A careful study of recommendation traffic on Amazon.com shows that oft-cited statistics overestimate the effect.
Recommender systems are everywhere: Netflix suggests which movies to watch, Amazon suggests which products to buy, Xbox suggests which games to play, and Medium suggests which stories you should read next.
You might assume that recommendation systems are so pervasive because they add value both for companies and users. If so, you’d be in good company: Industry reports frequently claim that recommender systems account for huge amounts of traffic, contributing anywhere from 10 to 30% of total revenue . On Amazon.com, nearly 30% of traffic is via click-throughs on recommendations.
These numbers aren’t wrong per se, but they are misleading. In a recent study with my colleagues Jake Hofman and Duncan Watts, published in the conference Economics and Computation, we analyzed activity on 4,000 different products on Amazon.com to reveal that only about a quarter of the clicks that are typically attributed to the recommender system are actually caused by it. In other words, if you took the recommender system away traffic would only drop by about 8% — still a decent effect but not nearly as large as most people have been led to think.
To understand this discrepancy, let’s think of an example. Suppose that, as the weather gets colder, I decide to go on Amazon.com to search for a winter hat. Once I navigate to a nice hat, Amazon shows me a recommendation for gloves, indicating that these two products are frequently bought together. Remembering that I also need some new gloves, I click on the recommended pair and end up buying gloves as well as the hat.
Intuitively my purchase of the gloves seems attributable to the recommendation engine, and indeed that’s precisely how those impressive numbers from above are computed. But let’s ask ourselves: what would have happened if there had been no recommendations from Amazon (see right panel in Figure 2)? Possibly I would have bought the hat and then stopped. But possibly my general interest in winter clothing would have kept me looking, and I would have ended up purchasing the gloves through some other sequence of clicks.

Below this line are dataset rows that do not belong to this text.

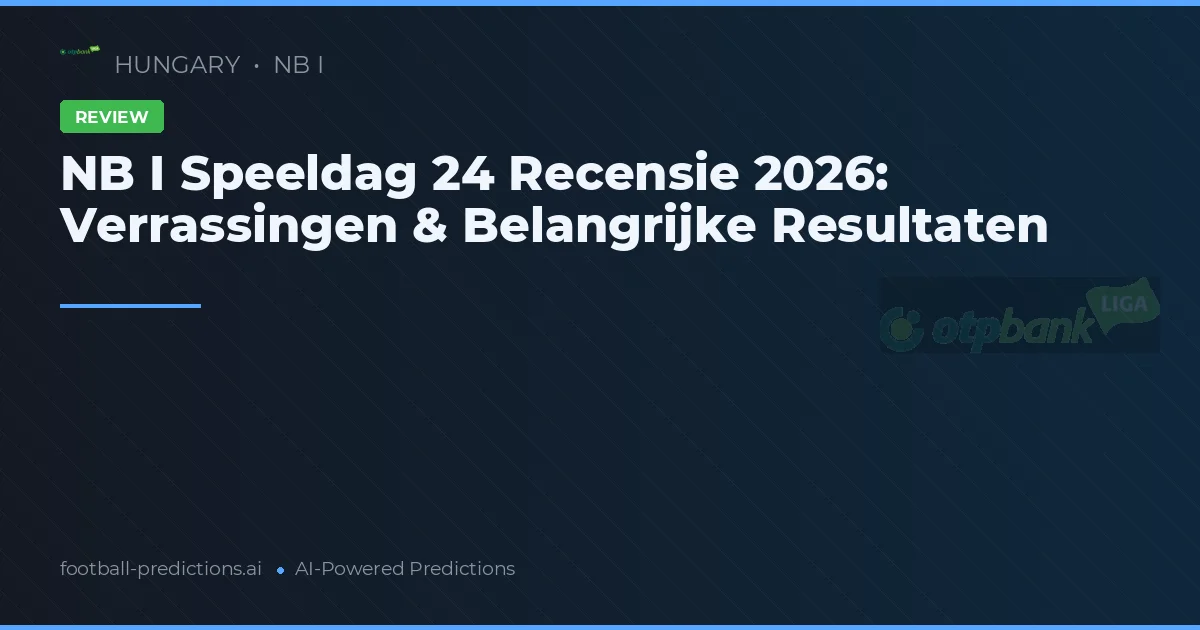 NB I Speeldag 24 Recensie 2026: Verrassingen & Belangrijke Resultaten
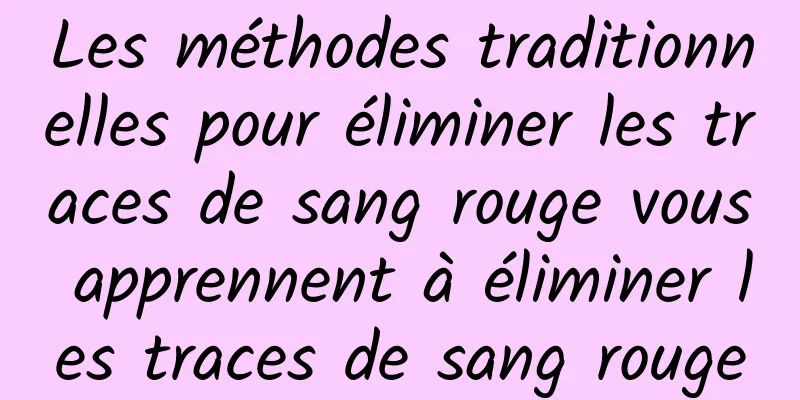 Les méthodes traditionnelles pour éliminer les traces de sang rouge vous apprennent à éliminer les traces de sang rouge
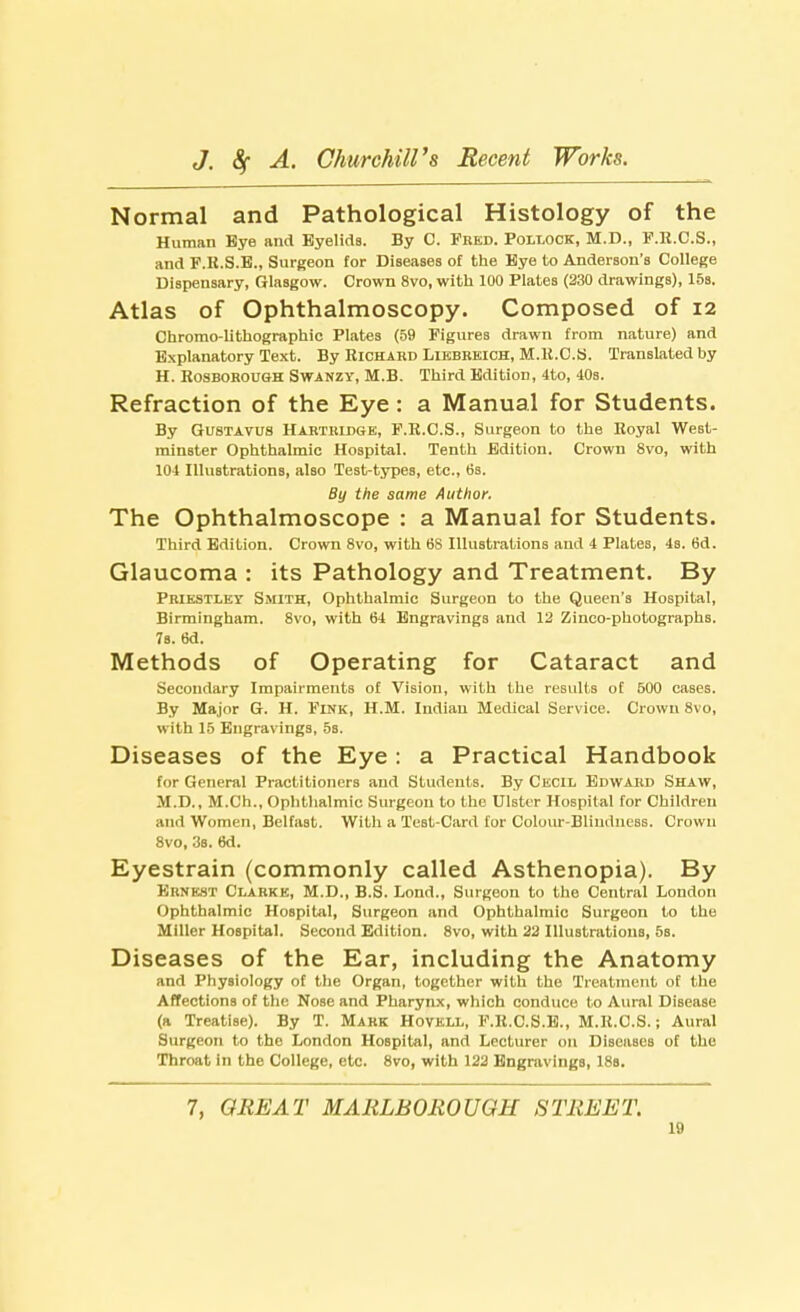 Normal and Pathological Histology of the Human Bye and Eyelids. By C. Frkd. Pollock, M.D., F.R.C.S., and P.H.S.B., Surgeon for Diseases of the Bye to Anderson's College Dispensary, Glasgow. Crown 8vo, with 100 Plates (230 drawings), 15s. Atlas of Ophthalmoscopy. Composed of 12 Chrorao-lithographic Plates (59 Figures drawn from nature) and Explanatory Text. By Richard Likbrkich, M.R.C.S. Translated by H. Rosborough Swanzy, M.B. Third Edition, 4to, 40s. Refraction of the Eye: a Manual for Students. By Gustavus Harthidge, F.R.C.S., Surgeon to the Royal West- minster Ophthalmic Hospital. Tenth Edition. Crown 8vo, with 104 Illustrations, also Test-types, etc., 6s. By the same Author. The Ophthalmoscope : a Manual for Students. Third Edition. Crown 8vo, with 6S Illustrations and 4 Plates, 4s. 6d. Glaucoma : its Pathology and Treatment. By Priestley Smith, Ophthalmic Surgeon to the Queen's Hospital, Birmingham. 8vo, with 64 Engravings and 12 Zinco-photographs. 7s. 6d. Methods of Operating for Cataract and Secondary Impairments of Vision, with the results of 600 caBes. By Major G. H. Fink, H.M. Indian Medical Service. Crown 8vo, with 15 Engravings, 5s. Diseases of the Eye : a Practical Handbook for General Practitioners and Students. By Cecil Edward Shaw, M.D., M.Ch., Ophthalmic Surgeon to the Ulster Hospital for Children and Women, Belfast. With a Test-Card for Colour-Bliudness. Crown 8vo, 3s. 6d. Eyestrain (commonly called Asthenopia). By ERNEST Clarke, M.D., B.S. Lond., Surgeon to the Central London Ophthalmic Hospital, Surgeon and Ophthalmic Surgeon to the Miller Hospital. Second Edition. 8vo, with 22 Illustrations, 5s. Diseases of the Ear, including the Anatomy and Physiology of the Organ, together with the Treatment of the Affections of the Nose and Pharynx, which conduce to Aural Disease (a Treatise). By T. Mark Hovkll, F.R.C.S.E., M.R.C.S.; Aural Surgeon to the London Hospital, and Lecturer on Diseases of the Throat in the College, etc. 8vo, with 122 Engravings, 18s. 7, GREAT MARLBOROUGH STREET.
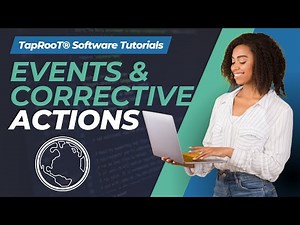 TapRooT® Software Tutorial: Events and Corrective Actions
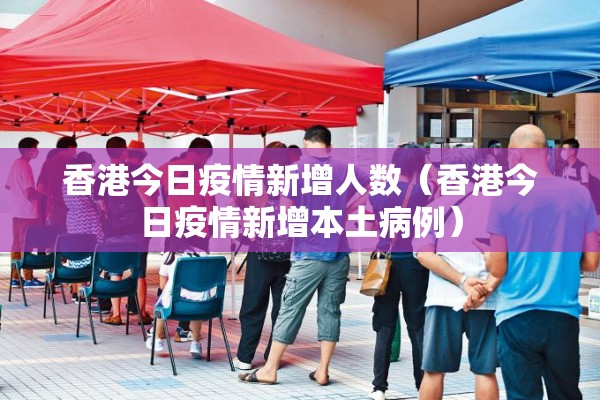 香港今日疫情新增人数（香港今日疫情新增本土病例）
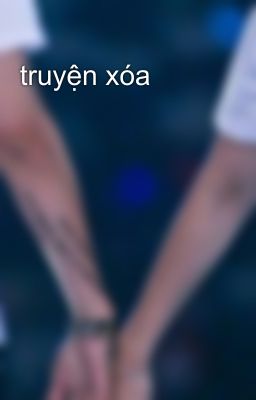 truyện xóa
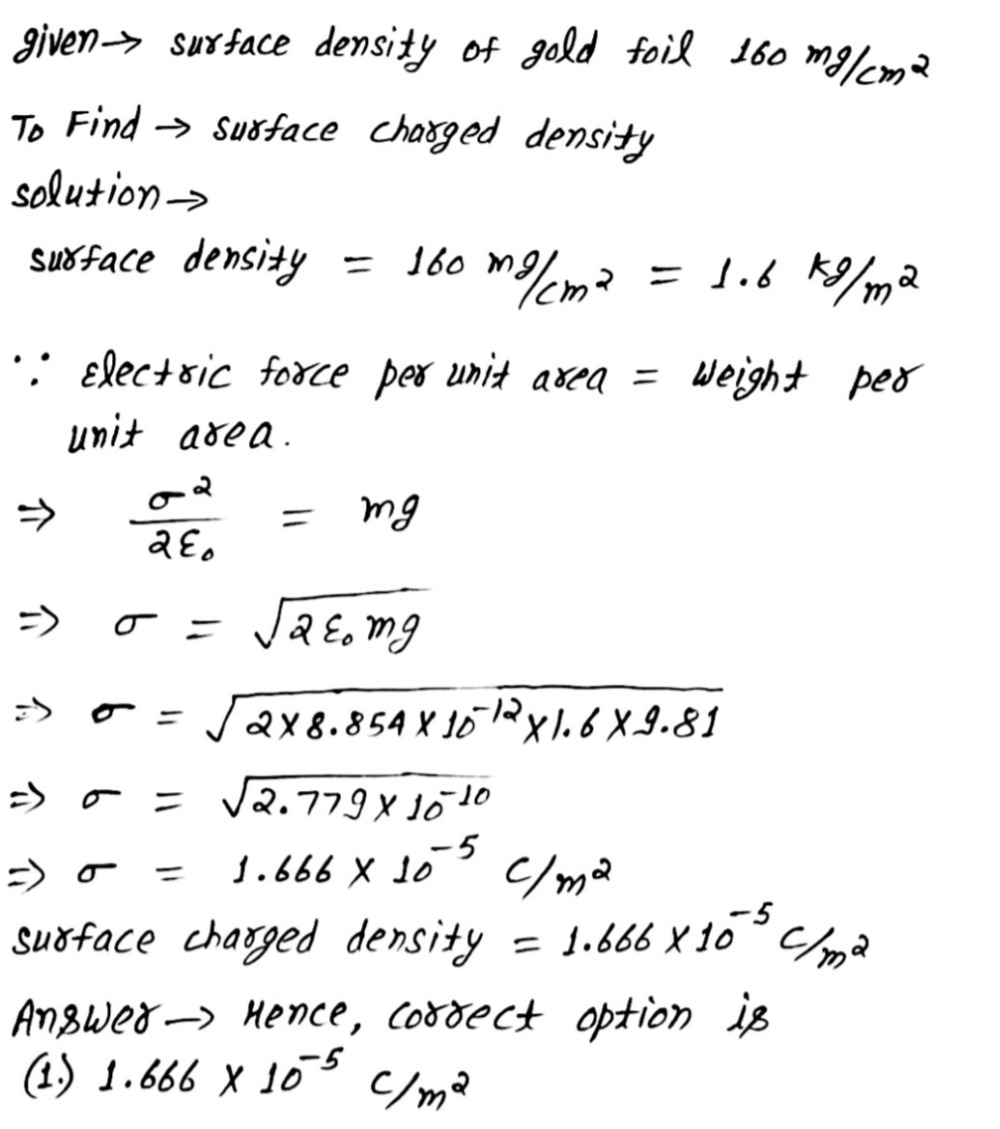 56 A Gold Foil With Surface Density 160 Mg Cm2 Kept On A Charged Conducting Surface Just Rises As Its Weight Is Balanced By The Electric Force Calculate The Surface Charged Density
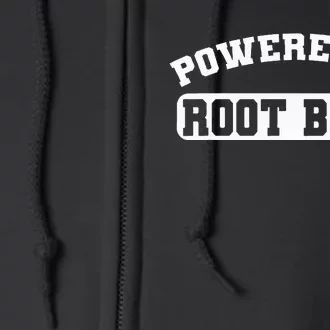 Powered By Root Beer Full Zip Hoodie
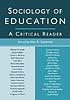 Sociology of education : a critical reader de Alan R Sadovnik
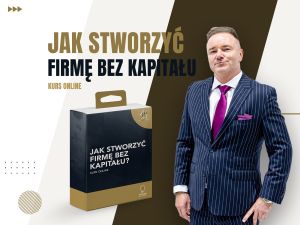 Jak stworzyć firmę bez kapitału? | Sposób na milion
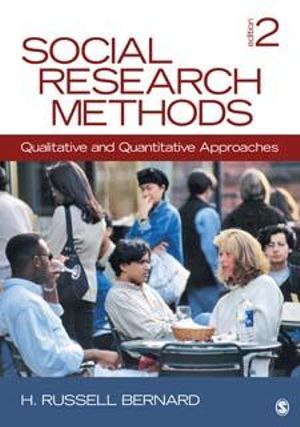 Social Research Methods : Qualitative and Quantitative Approaches - H. Russell Bernard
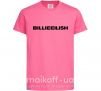 Дитяча футболка Billieeilish text Яскраво-рожевий фото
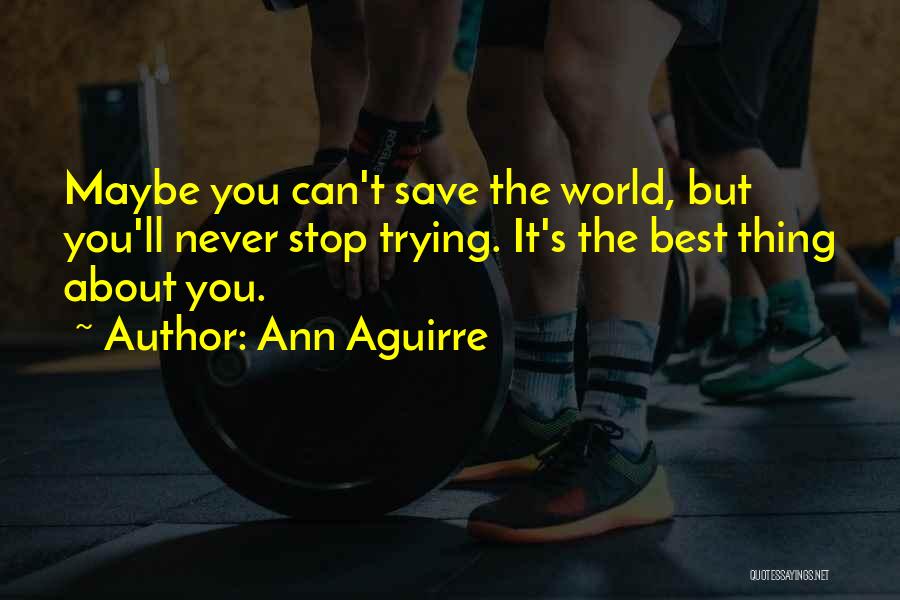 You Can't Save The World Quotes By Ann Aguirre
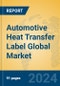 Automotive Heat Transfer Label Global Market Insights 2024, Analysis and Forecast to 2029, by Manufacturers, Regions, Technology, Application - Product Thumbnail Image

In the latter case, we couldn’t really say that the recommender caused me to buy gloves, because I would have done that anyway. Rather it was just one of many possible pathways leading to the same end.
The key question raised by this example is then:
How many observed clicks on the recommended product are “causal” clicks, in the sense that they wouldn’t have happened without the recommender, versus “convenience” clicks, which would have.
There is good reason to think that convenience clicks are common, if only because recommendations on e-commerce sites are often based on products that have previously been co-purchased (i.e. “people who bought this also bought that”). When users click-through on these similar recommendations, it is therefore quite likely that they already knew about many of them, or would have found out about them anyways in their browsing session. It could be, in fact, that most of the traffic that is naively attributed to a recommender is just convenience traffic, not caused by the recommender at all.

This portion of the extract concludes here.